Stored data entries:
========================================================================
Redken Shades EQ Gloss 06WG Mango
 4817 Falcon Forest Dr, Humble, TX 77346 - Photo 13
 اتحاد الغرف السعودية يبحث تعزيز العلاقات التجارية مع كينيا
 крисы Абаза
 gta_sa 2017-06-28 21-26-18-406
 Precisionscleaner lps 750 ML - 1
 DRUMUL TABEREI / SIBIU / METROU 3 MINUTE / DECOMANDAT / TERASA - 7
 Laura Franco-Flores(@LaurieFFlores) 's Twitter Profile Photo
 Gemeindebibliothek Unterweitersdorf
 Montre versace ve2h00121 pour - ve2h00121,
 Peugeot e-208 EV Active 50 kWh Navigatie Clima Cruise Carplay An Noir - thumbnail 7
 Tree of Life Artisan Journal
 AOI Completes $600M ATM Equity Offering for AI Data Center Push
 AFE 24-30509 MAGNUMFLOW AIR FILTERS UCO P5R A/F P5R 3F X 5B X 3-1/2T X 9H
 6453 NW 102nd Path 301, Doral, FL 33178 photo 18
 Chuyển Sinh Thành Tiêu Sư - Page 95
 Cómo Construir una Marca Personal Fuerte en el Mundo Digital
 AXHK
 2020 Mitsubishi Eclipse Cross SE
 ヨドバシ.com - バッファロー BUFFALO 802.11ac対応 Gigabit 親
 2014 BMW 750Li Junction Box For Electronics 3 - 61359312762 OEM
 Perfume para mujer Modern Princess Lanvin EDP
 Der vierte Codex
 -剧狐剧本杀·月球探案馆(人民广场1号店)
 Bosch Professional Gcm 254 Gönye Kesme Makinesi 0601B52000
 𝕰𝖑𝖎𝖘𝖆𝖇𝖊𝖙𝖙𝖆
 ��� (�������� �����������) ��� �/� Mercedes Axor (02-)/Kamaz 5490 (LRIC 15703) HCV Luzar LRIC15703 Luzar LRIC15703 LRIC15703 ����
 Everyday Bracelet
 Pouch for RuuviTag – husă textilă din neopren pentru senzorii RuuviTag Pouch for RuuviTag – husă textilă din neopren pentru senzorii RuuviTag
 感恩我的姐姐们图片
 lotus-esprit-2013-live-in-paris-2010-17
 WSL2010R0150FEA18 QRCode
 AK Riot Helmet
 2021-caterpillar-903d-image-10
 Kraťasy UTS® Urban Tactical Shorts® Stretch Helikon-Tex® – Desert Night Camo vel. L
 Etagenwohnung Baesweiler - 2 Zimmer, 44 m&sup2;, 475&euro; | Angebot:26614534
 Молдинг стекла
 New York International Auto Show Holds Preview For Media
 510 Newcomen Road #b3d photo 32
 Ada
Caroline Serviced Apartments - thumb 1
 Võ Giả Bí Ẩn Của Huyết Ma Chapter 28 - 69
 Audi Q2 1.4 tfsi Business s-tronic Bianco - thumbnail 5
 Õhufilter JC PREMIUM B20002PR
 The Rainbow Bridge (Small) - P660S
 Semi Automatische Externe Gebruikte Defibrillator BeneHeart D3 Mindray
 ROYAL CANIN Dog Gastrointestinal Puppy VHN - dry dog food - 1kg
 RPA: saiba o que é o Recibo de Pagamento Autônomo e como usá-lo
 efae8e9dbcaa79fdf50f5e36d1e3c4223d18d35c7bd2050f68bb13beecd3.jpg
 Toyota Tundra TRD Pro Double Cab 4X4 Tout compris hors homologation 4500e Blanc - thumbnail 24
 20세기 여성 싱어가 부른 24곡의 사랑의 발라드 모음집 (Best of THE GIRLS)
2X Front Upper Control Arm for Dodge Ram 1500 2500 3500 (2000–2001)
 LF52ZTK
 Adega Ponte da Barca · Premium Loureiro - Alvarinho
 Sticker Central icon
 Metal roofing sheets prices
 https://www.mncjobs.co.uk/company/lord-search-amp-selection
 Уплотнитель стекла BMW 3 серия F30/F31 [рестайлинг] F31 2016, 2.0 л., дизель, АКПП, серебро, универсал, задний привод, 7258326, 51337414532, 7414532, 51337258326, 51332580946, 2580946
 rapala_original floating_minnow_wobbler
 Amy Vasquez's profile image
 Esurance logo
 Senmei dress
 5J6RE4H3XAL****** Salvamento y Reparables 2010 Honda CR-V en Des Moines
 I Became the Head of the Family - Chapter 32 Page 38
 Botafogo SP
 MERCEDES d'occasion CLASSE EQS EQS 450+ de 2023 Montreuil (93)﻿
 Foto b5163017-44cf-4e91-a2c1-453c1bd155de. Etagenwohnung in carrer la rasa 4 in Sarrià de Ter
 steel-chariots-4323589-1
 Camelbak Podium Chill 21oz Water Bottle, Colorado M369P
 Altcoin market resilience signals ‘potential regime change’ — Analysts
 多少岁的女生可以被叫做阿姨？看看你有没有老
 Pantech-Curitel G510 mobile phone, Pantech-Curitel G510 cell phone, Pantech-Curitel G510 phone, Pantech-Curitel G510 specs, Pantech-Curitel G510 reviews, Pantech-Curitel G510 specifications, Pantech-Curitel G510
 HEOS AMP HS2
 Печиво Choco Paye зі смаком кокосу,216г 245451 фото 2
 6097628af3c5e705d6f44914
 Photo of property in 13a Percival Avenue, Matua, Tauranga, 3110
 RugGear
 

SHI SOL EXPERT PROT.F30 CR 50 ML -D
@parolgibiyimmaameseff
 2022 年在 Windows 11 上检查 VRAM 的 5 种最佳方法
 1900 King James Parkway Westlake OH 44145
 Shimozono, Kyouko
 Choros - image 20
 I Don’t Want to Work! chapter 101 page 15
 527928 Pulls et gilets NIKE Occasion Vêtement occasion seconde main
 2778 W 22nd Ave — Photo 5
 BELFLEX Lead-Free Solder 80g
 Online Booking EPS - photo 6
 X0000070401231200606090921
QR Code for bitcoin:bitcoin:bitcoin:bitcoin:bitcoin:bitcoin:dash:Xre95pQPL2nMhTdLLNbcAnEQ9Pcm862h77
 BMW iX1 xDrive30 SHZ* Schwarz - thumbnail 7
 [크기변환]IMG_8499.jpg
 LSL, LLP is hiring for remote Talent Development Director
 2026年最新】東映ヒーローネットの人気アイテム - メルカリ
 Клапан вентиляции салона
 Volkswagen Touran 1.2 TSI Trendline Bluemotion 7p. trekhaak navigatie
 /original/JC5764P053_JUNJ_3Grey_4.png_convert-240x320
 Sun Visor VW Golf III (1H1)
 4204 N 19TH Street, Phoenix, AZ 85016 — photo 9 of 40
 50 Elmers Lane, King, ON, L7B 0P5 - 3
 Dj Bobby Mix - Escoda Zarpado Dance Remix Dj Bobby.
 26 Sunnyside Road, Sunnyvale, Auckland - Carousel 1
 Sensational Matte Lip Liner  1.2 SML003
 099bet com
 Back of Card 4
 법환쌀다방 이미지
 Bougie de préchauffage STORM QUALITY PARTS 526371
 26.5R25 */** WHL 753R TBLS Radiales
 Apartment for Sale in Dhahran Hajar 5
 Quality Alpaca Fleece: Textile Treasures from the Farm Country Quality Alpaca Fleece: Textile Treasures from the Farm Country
========================================================================
Aim of the exercise: Take the lines above from the one containing "X0000070401231200606090921" down to the one containing "Клапан вентиляции салона", and transcribe them exactly, both ends included.

Answer section:
 X0000070401231200606090921
QR Code for bitcoin:bitcoin:bitcoin:bitcoin:bitcoin:bitcoin:dash:Xre95pQPL2nMhTdLLNbcAnEQ9Pcm862h77
 BMW iX1 xDrive30 SHZ* Schwarz - thumbnail 7
 [크기변환]IMG_8499.jpg
 LSL, LLP is hiring for remote Talent Development Director
 2026年最新】東映ヒーローネットの人気アイテム - メルカリ
 Клапан вентиляции салона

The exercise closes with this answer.